Last updated: 03 December, 2022
Expert travel writer: Richard Holmes

Agoraphobes take note; Namibia is probably not for you. But if you love wildlife and wide-open spaces, pristine landscapes and towns in a time warp, then this quiet corner of southern Africa should be top of your list.

You won’t need more than a night in Windhoek, the capital city, and from there the country is your sandy seductive oyster: south to the ancient dunes of Sossusvlei, west to the quirky seaside town Swakopmund, or north to the game-rich plains of Etosha and verdant rivers of the Zambezi region.

It’s wild, welcoming and one of the most affordable destinations in Africa.

Orientation

Namibia is a land of harsh extremes, from the ancient dunes of the Namib Desert in the west, to rocky Kaokoland and the ochre sands of the eastern Kalahari. In the north the Zambezi region (formerly the Caprivi Strip) offers some respite with wide rivers and lush grasslands.

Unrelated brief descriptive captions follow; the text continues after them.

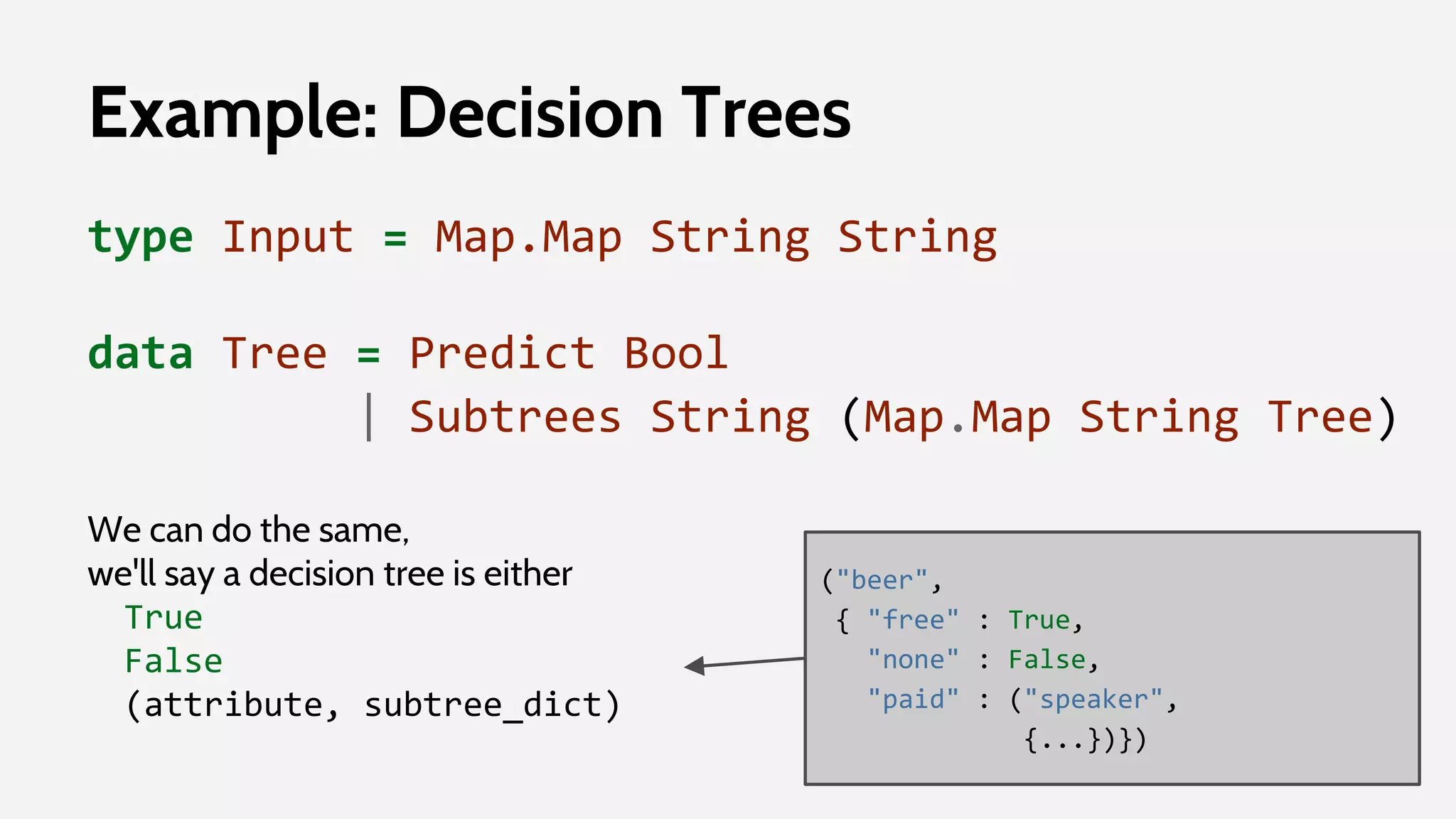 Example: Decision Trees
type Input = Map.Map String String
data Tree = Predict Bool
| Subtrees String (Map.Map String Tree)
We can do the same,
we'll say a decision tree is either
True
False
(attribute, subtree_dict)
("beer",
{ "free" : True,
"none" : False,
"paid" : ("speaker",
{...})})
 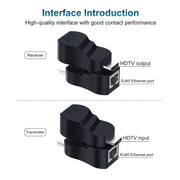 Cavo di prolunga di rete in materiale ABS HDTV a RJ45 da 30 m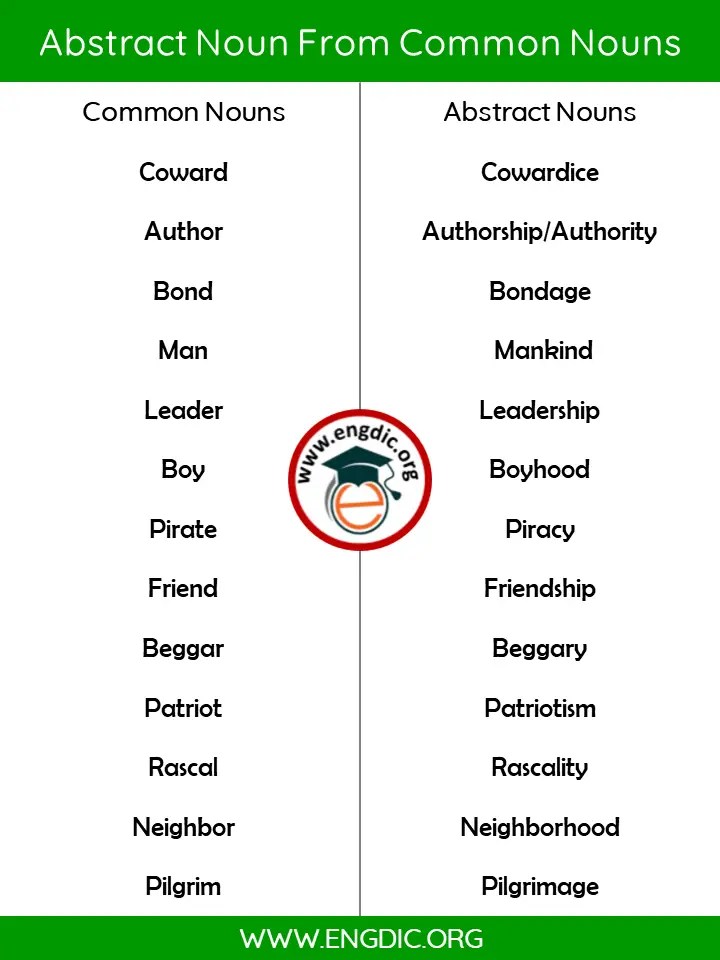 100+ list of abstract nouns from common nouns pdf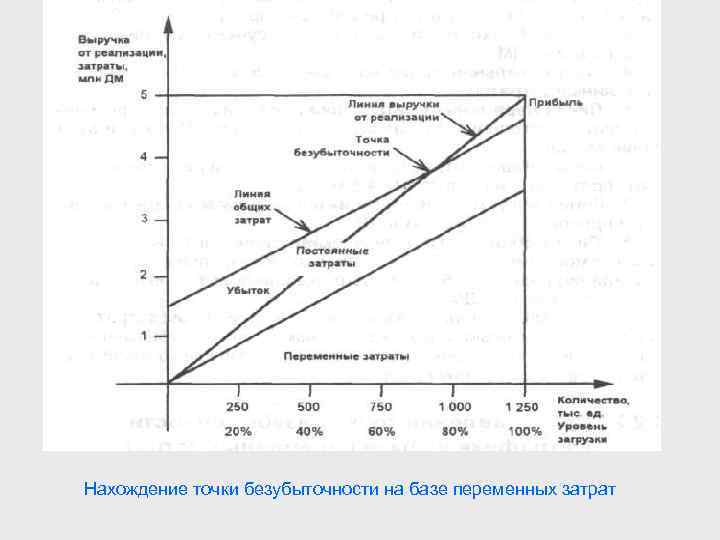 Нахождение точки безубыточности на базе переменных затрат 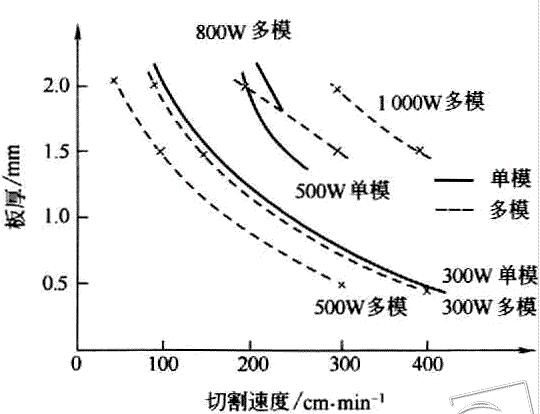 激光切割機工藝圖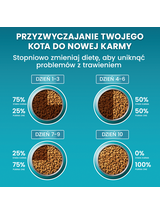 Purina One Cat Sterilcat Karma z wołowiną dla kota 1,5kg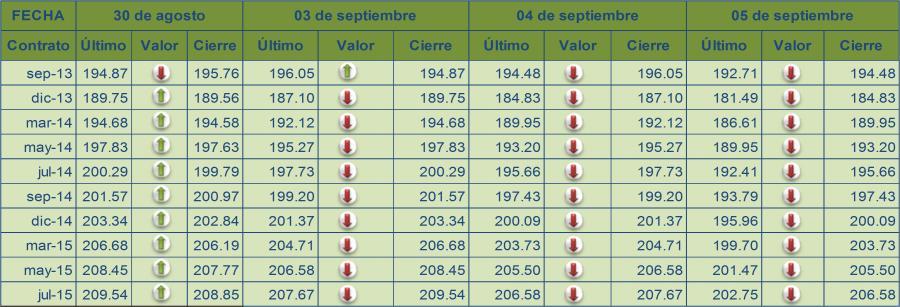 Precios Internacionales de Productos Agropecuarios Precio Internacional de Maíz Los precios futuros del maíz del período del 30 de agosto al 05 de septiembre del 2013 estuvieron cotizando con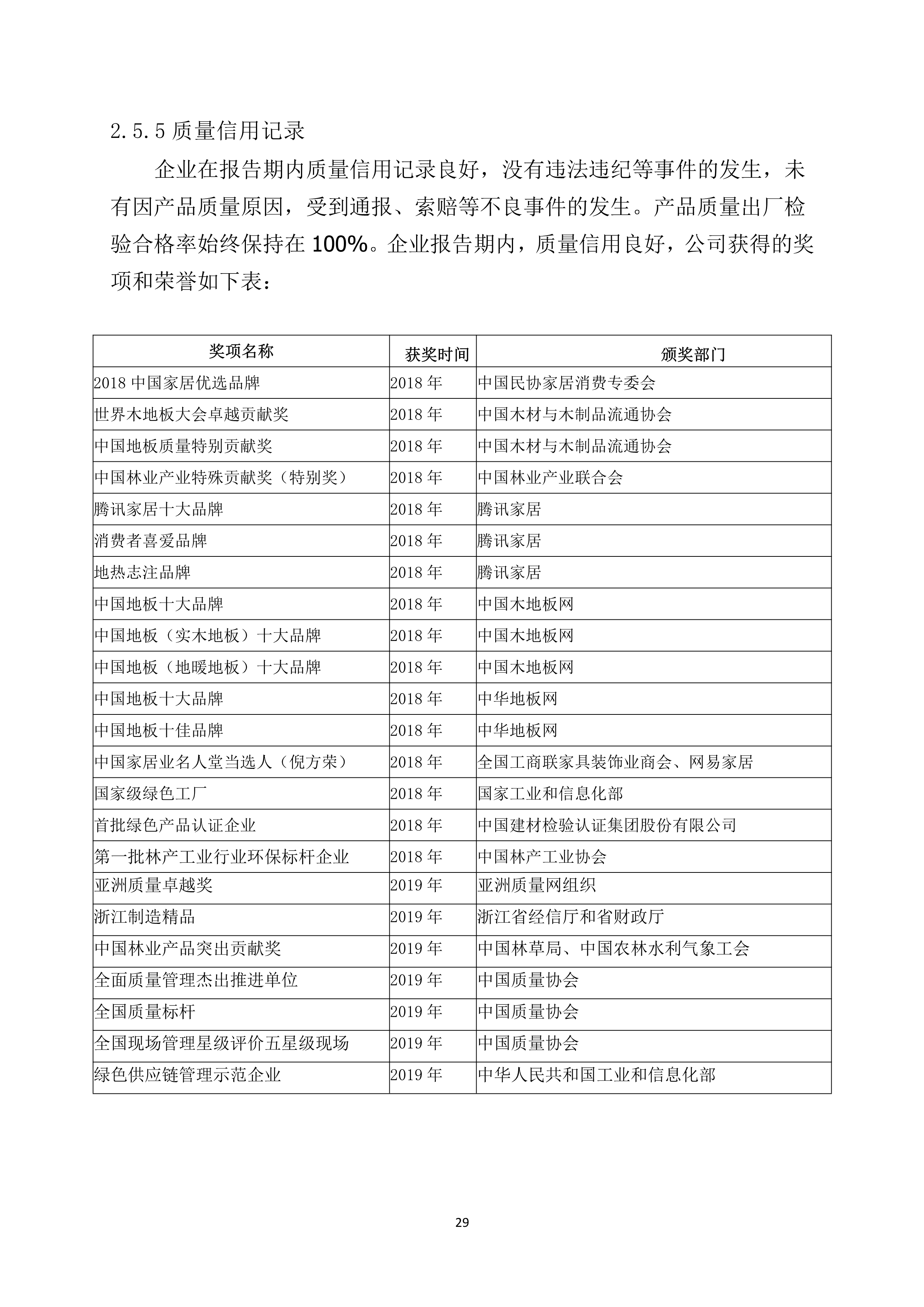 世友企業(yè)質(zhì)量誠(chéng)信報(bào)告2019年度_29.jpg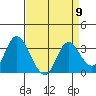 Tide chart for Montezuma Slough, Suisun Bay, California on 2024/04/9
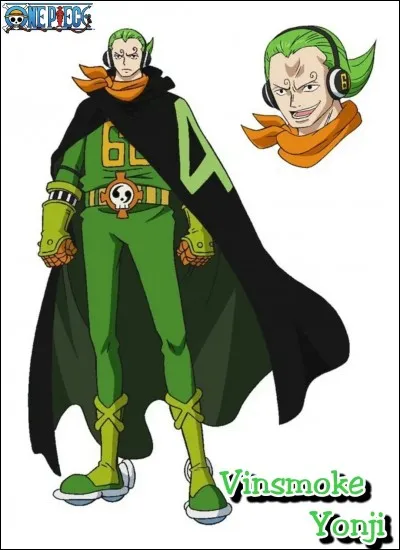 Quel est ce personnage ?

The country’s main staging points are as follows:

Windhoek

Namibia’s capital city, in the centre of the country, offers few charms, and most visitors simply pass through en route to the deserts and game reserves further afield. If you have time to spare in the city, visit the Independence Memorial Museum to discover the country’s difficult road to independence.

Swakopmund

Blending eye-catching Lutheran architecture with a firm reputation as Namibia’s adventure capital, this charming seaside town offers an array of desert and ocean activities, alongside an excellent selection of restaurants and boutique hotels. The town is well connected by rail, road and domestic flights.

Etosha National Park

One of Africa’s most famous game reserves, Etosha conserves 22,750km sq – larger than Wales – of savannah and woodland habitat to offer remarkable game viewing, that’s easily accessible for self-drive visitors. Summer rains transform the central Etosha saltpan into a vast shallow lake that attracts flocks of migrant birds.

Sossusvlei

The towering sand dunes of the Namib-Naukluft National Park are a highlight of any trip to Namibia, and are best discovered at Sossusvlei. Here you’ll also find the enigmatic Dead Vlei, with desiccated trees dating back nearly 1000 years. Hot-air balloon trips offer the best views of this ancient landscape.

Skeleton Coast

In a land known for harsh landscapes, the Skeleton Coast raises the bar. Stretching along 500-kilomtres of Namibia’s northern coastline, this desolate national park offers enigmatic landscapes and remarkable wildlife sightings. Only a handful of lodges operate here, ensuring you’ll have the wilderness (almost) to yourself.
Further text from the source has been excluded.